As the Congress enters election season - withered from controversy, corruption, a shabby governance record and ideological disarray - Rahul Gandhi can hardly hope for there to be any building blocks in place for his climb to the top. To declare him a nominee for a campaign that will be fought in an environment of intense anti-incumbency may be to script failure before the exam is even written. With status-quoist instincts advising caution, the Congress would want to avoid an Uttar Pradesh-like gamble on a national scale.

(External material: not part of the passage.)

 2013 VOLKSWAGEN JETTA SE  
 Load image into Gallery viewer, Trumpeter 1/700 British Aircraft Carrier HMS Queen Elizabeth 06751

In Narendra Modi's case the obstacles are rather different. The Gujarat chief minister is hardly famous for self-doubt. Successive electoral victories, the support of many corporate chieftains fawning over him and the organised cheering of online storm-troopers may well have convinced Modi of his own invincibility. Recent victories - like the forced ouster of RSS bête noire Sanjay Joshi - have underscored the fearful, if sometimes reluctant, backing he gets within his own party. The circumstances in which the patch-up between Modi and BJP president Nitin Gadkari took place reveal the party's absolute dependency on him, even if several second generation leaders privately balk at what they call his arrogance. Yet, ironically, the very thing that makes Modi so strong - his influence as a powerful regional leader - will also ensure that other satraps like him could successfully block his ascendancy on the stairway to New Delhi. The frontal assault on him by Bihar chief minister Nitish Kumar - who wants a "secular face" to lead the campaign in 2014 - is evidence that Modi's instinctive unilateralism may make him the Master of Gujarat, but outside of the state no other strong politician will be ready to play Minion. The inability to be a consensus-builder and the unwillingness to display compassion and regret for the 2002 riots will mean that Modi's fiefdom can't grow into an Empire.
The BJP-led NDA governs nine states in India today, but in this Club of provincial leaders it is yet to find a First among Equals. The Congress knows who its leader is - but that doesn't increase the chances of success. Truth is - both national parties are in crisis mode. A fractured polity, a cynical electorate and a failure to inspire or generate Hope has made the Pan-Indian leader a near-extinct species. Jawaharlal Nehru, Indira Gandhi, Rajiv Gandhi, Atal Bihari Vajpayee - were all examples of individuals who could bring a country together. Vajpayee was perhaps the last such Pan-Indian personality in contemporary politics, which explains why after years of being out of the public eye, he still does so well in all polls on prime ministerial favourites.
In other words, even if 2014 were to see a direct contest between Narendra Modi and Rahul Gandhi - which is extremely unlikely - personalities no longer have the charisma or depth to define the heft of national politics. In the absence of a galvanising force around which a new idiom of politics can be written, 2014 will commemorate the Age of the Chief Minister - making the business of finding a prime minister an extremely complicated one. Just this week, Sharad Pawar has reminded the Congress that nine members of Parliament are enough to send an elected government into a tizzy. Unless there is a cataclysmic event or a new star that emerges on the firmament it is the states that will run New Delhi.